[Talk-us] Best sources for boundary lines?

Apollinaris Schoell aschoell at gmail.com
Tue Jun 15 00:10:03 BST 2010


On Mon, Jun 14, 2010 at 1:55 PM, Nathan Edgars II <neroute2 at gmail.com>wrote:

> (note: I'm talking about boundaries that have stayed in the same place
> during recent times, not those that change every year by annexations.)
> While the TIGER data is pretty good for these boundaries, it has some
> precision issues. For example, at
>
> http://www.openstreetmap.org/?lat=40.81072&lon=-74.06072&zoom=16&layers=B000FTF
> the line is shown following Paterson Plank Road over the Turnpike,
> while USGS places it on the former pre-Turnpike alignment of the road:
> http://mapper.acme.com/?ll=40.80869,-74.06204&z=16&t=T Other (probably
> unusable) sources such as http://gis.co.bergen.nj.us/appbase/ and
> http://www.state.nj.us/transportation/gis/maps/bergen.pdf agree with
> USGS.
>
> So the question is: for boundaries that have not changed since the
> USGS topos were created, can it be assumed that they will be more
> precise than the TIGER data?
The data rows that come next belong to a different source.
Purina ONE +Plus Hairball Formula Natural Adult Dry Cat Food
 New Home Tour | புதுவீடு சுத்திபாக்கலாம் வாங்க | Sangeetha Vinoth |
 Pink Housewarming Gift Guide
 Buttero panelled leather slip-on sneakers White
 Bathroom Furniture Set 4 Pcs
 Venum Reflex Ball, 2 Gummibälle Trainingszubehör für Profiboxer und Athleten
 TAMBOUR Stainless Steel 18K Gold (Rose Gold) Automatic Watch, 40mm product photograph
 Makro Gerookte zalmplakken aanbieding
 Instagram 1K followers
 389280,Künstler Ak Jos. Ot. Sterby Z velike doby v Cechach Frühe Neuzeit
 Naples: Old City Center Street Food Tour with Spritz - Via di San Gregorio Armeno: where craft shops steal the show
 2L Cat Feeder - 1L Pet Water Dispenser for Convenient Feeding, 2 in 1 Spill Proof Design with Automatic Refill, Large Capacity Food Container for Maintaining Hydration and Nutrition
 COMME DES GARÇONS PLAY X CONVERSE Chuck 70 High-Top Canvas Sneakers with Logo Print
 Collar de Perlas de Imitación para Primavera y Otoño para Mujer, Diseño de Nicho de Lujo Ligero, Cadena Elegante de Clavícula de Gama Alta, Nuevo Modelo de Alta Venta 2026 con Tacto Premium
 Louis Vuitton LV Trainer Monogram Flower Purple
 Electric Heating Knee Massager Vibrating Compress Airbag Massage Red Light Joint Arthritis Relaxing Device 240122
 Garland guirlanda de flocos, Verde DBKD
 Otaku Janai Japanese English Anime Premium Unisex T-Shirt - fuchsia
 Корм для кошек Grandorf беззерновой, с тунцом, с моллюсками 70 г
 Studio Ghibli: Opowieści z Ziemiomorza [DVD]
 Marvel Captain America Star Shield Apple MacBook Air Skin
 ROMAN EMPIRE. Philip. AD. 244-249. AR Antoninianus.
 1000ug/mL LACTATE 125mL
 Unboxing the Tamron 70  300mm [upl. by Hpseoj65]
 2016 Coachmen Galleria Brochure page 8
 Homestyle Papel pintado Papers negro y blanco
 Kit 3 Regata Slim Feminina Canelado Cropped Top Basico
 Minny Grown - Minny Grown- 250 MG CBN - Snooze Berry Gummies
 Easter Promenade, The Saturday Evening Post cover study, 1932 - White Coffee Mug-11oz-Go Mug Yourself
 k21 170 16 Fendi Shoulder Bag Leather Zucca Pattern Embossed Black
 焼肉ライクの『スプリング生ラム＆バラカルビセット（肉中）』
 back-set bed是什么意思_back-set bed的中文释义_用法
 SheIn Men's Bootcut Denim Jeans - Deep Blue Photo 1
Are there any other usable sources that
> will be more precise than TIGER?
>
>
my experience is that TIGER is the worst. USGS also matches with natural
features fences, ... where this can be checked against Yahoo sat images.
 for better data you can try to get state/county data.
be careful to use USGS from terraserver. a couple of areas are shifted or
randomly stretched.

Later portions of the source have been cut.